Problem requirements -> Repeat word for word the lines starting at the one with "苹果gps模块坏了怎么办" and ending at the final line of the material, both ends included; omit pictures.

Task inputs ->
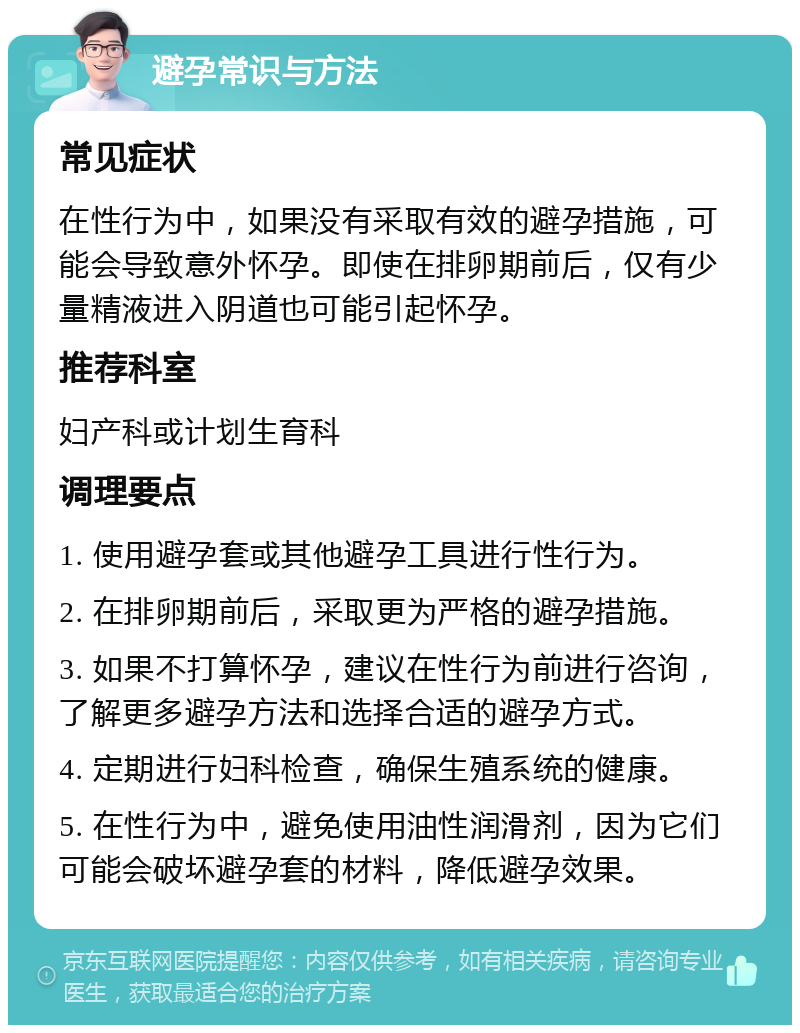 避孕常识与方法 常见症状 在性行为中，如果没有采取有效的避孕措施，可能会导致意外怀孕。即使在排卵期前后，仅有少量精液进入阴道也可能引起怀孕。 推荐科室 妇产科或计划生育科 调理要点 1. 使用避孕套或其他避孕工具进行性行为。 2. 在排卵期前后，采取更为严格的避孕措施。 3. 如果不打算怀孕，建议在性行为前进行咨询，了解更多避孕方法和选择合适的避孕方式。 4. 定期进行妇科检查，确保生殖系统的健康。 5. 在性行为中，避免使用油性润滑剂，因为它们可能会破坏避孕套的材料，降低避孕效果。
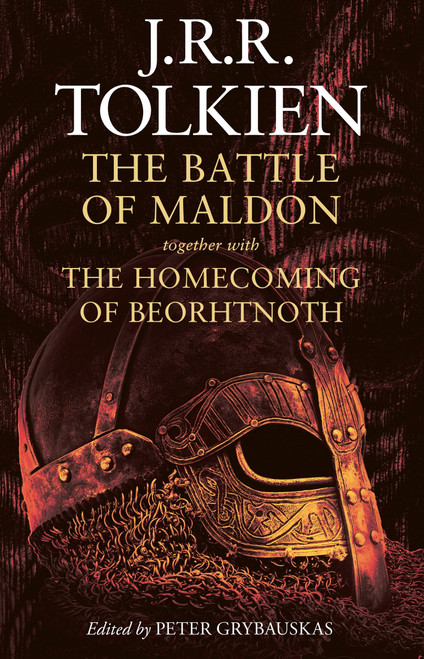 The Battle of Maldon (Together with the Homecoming of Beorhtnoth) by J. R. R. Tolkien, Peter Grybauskas, 9780063338180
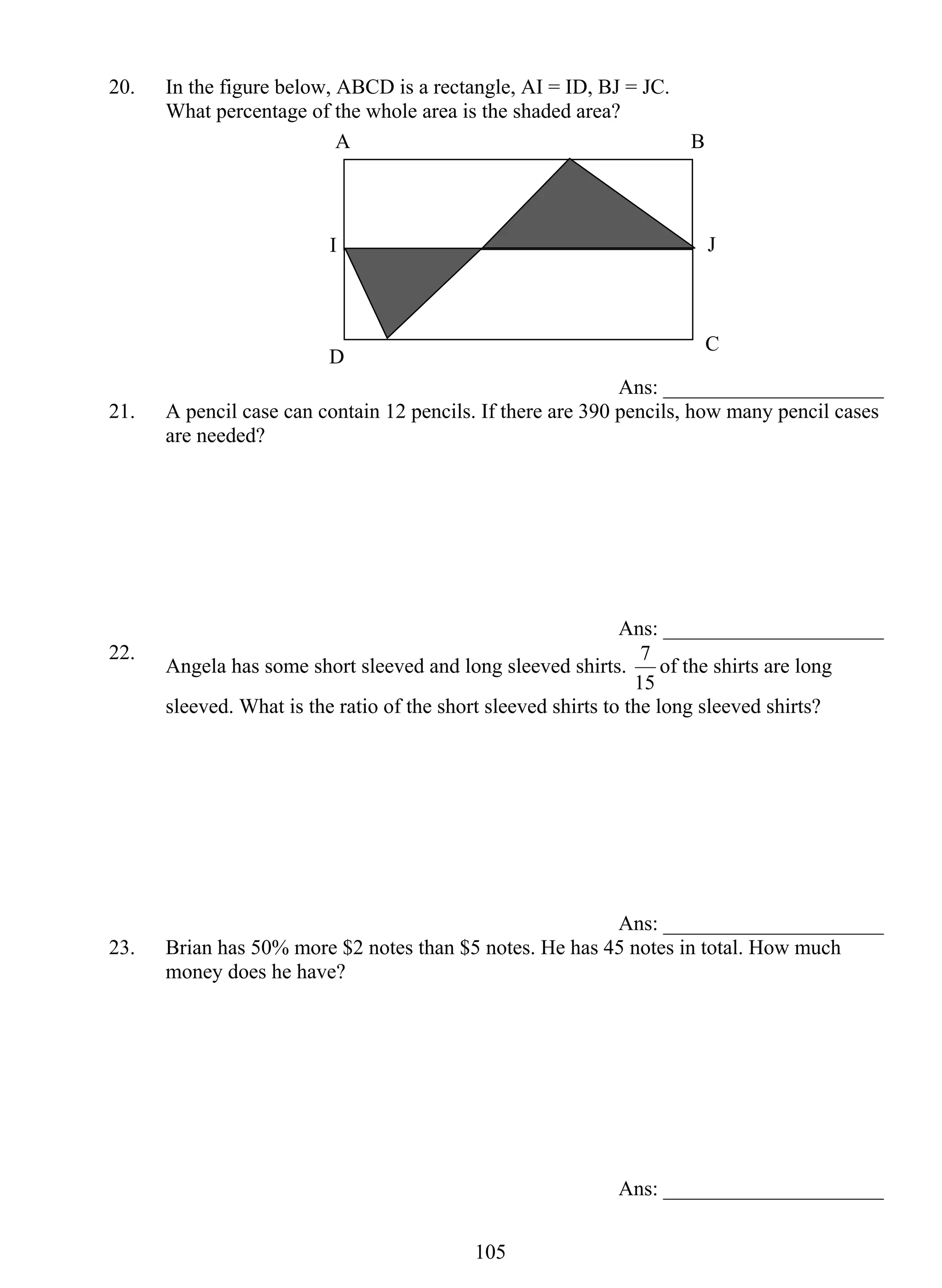 20. In the figure below, ABCD is a rectangle, AI = ID, BJ = JC. 
What percentage of the whole area is the shaded area? 
A B 
I J 
D C 
10 5 
Ans: _____________________ 
21. A pencil case can contain 12 pencils. If there are 390 pencils, how many pencil cases 
are needed? 
Ans: _____________________ 
22. Angela has some short sleeved and long sleeved shirts. 
7 of the shirts are long 
15 
sleeved. What is the ratio of the short sleeved shirts to the long sleeved shirts? 
Ans: _____________________ 
23. Brian has 50% more $2 notes than $5 notes. He has 45 notes in total. How much 
money does he have? 
Ans: _____________________ 
 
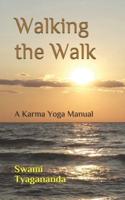 Walking the Walk: A Karma Yoga Manual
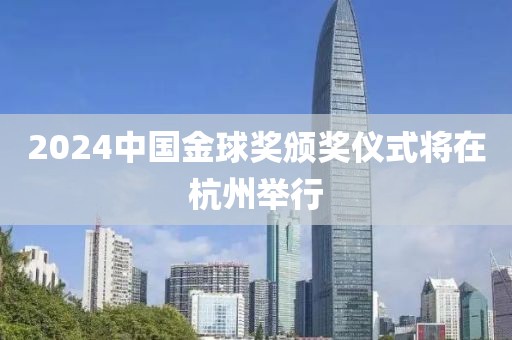 2024中國金球獎頒獎儀式將在杭州舉行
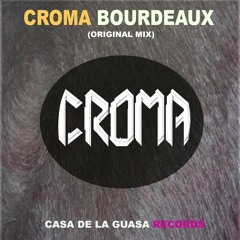 Croma -  Bourdeaux (Original Mix)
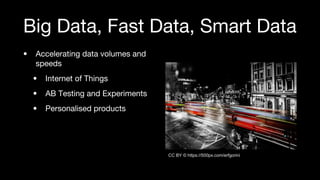 Big Data, Fast Data, Smart Data
• Accelerating data volumes and
speeds
• Internet of Things
• AB Testing and Experiments
•...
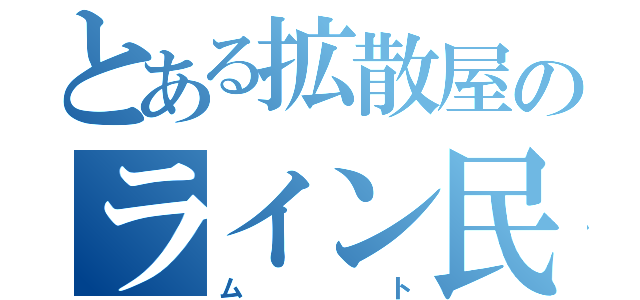 とある拡散屋のライン民は（ムト）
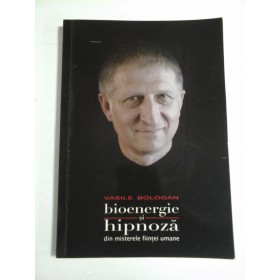 BIOENERGIE SI HIPNOZA - VASILE BOLOGAN 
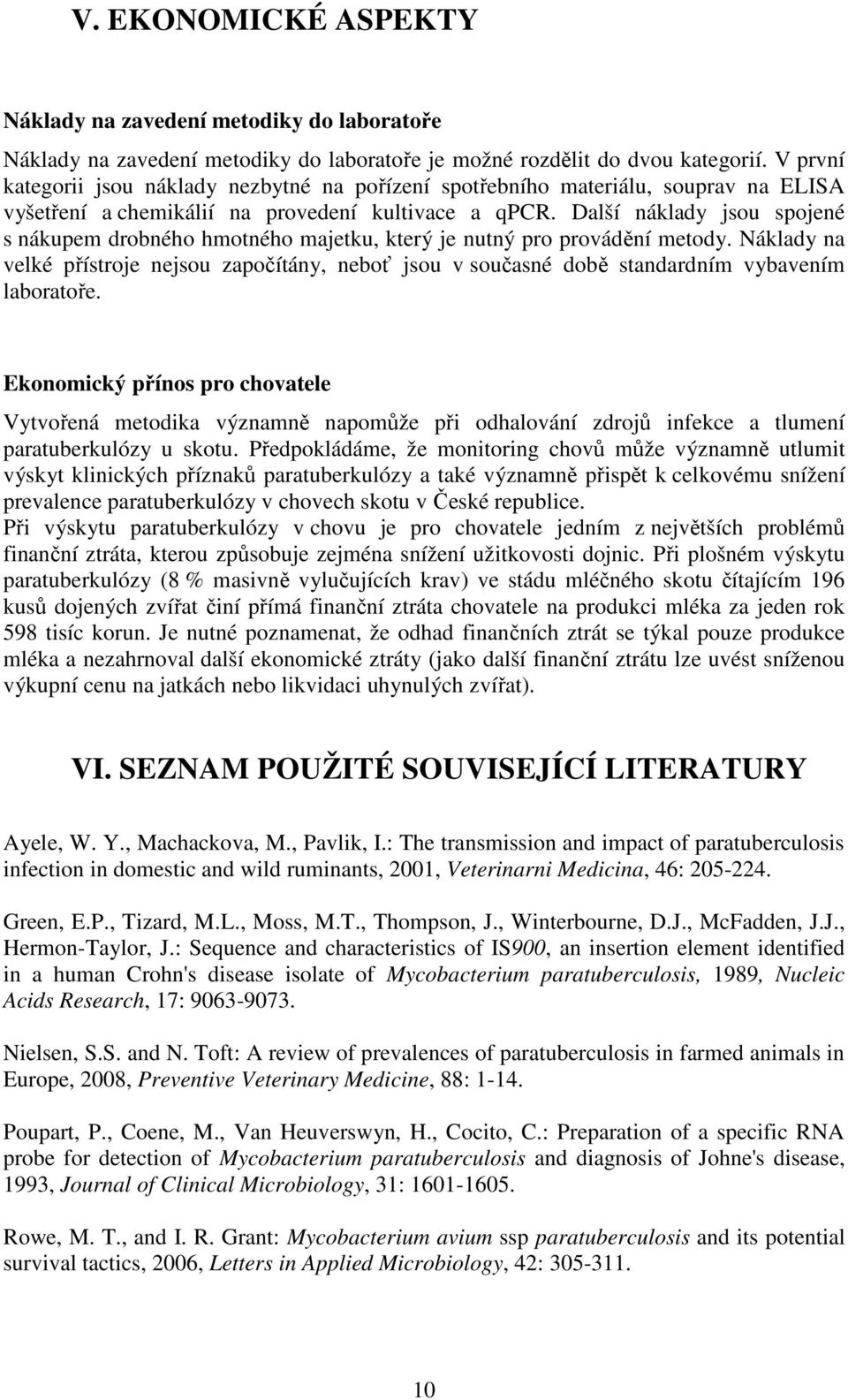 Další náklady jsou spojené s nákupem drobného hmotného majetku, který je nutný pro provádění metody.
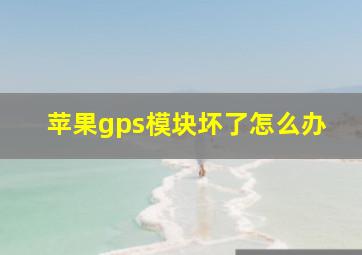 苹果gps模块坏了怎么办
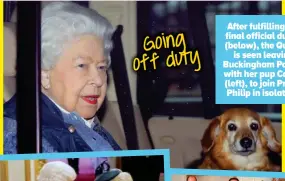  ??  ?? After fulfilling her final official duties (below), the Queen is seen leaving Buckingham Palace with her pup Candy (left), to join Prince Philip in isolation.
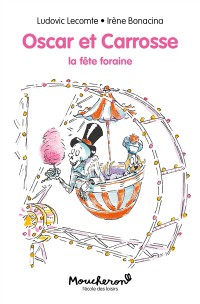 Oscar Et Carrosse. La Fête Foraine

Result of the exercise ->
 苹果gps模块坏了怎么办
  ??  ?? After fulfilling her final official duties (below), the Queen is seen leaving Buckingham Palace with her pup Candy (left), to join Prince Philip in isolation.
 Oscar Et Carrosse. La Fête Foraine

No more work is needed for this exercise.